I have two Series I units (one a 40 and the other an 80MB) and both of them have lifetime service attached. Is there still a market for these units and if so is craigslist better than ebay? Thanks


----------



## b_scott

definitely, if they'll allow lifetime transfers - sometimes they do it for free with such old boxes. But even at $99 it's a great deal to transfer it.


----------



## garrubal

I remember reading a thread about someone buying a series 1 with lifetime, and for whatever reason, it wasn't eligible to transfer the lifetime to a newer box. I would suggest double-checking with Tivo if the lifetime can be transferred to another box for a fee. Otherwise you might have some unhappy custumers.


----------



## dtplink

My experience with TiVo over the past 10 years is that they are very flexible "over the phone" and realize that sometimes they actually screw up. I've received many offers to upgrade my boxes over the years.


----------



## pentium101

Out of curiousity, what are the make/model numbers of these units?


----------



## dtplink

The point is moot. I sold one unit for $99 (activation date 11/1999) and decided to keep one for upgrading my unit to a Premier at some point this year. Tough decision though with the DirecTV package coming available.


----------



## unitron

Not responding to anyone in particular, just leaving this here for future readers.
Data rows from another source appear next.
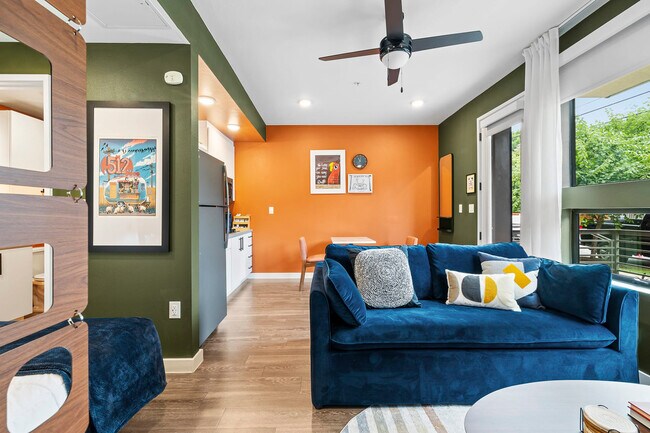 49 Navasota St in Austin, TX - Foto de edificio - Building Photo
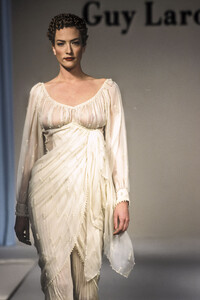 1011871986_GuyLaroche1994HauteCouture108.thumb.jpg.fa0b5884ca62a30f9b96573fb33ba324.jpg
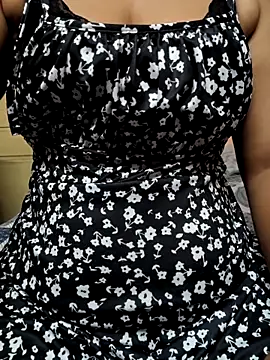 preethi-lovely's cam snapshot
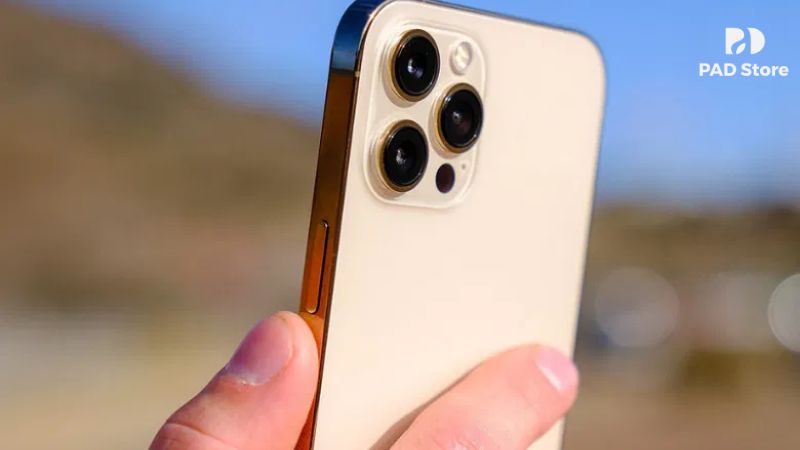 Việc nhận biết các dấu hiệu cho thấy iPhone 12 Pro Max của bạn cần thay cụm sạc mới là vô cùng quan trọng
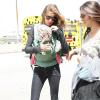 Le top Gisele Bundchen et sa fille Vivian Brady à l'aéroport de Los Angeles, le 23 avril 2013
Except for very early Series 1 machines where the terms of service agreement wasn't tightly worded enough, Lifetime is attached to the machine, not the owner. If you sell one with lifetime, the new owner is now the one with a machine with lifetime. If that machine breaks down, you're SOL unless you've got another of the same model and are really good at soldering and unsoldering.

There have been (and perhaps will be again in the future), times and situations when TiVo was willing to offer an arrangement to move lifetime to a newer machine, and of course there were various strings attached--it was generally done to move their latest product and you had to throw some more money into the deal above purchase price.


----------



## pentium101

Thanks for that post unitron. :up:


----------



## jsrober

Series 1 box. With 160 GB drive (128 GB usable). PLUS you get the original (I think 14GB) drive. Plus remote, plus power cord, plus whatever other stuff I can find that goes with it. I'm in Maryland.


----------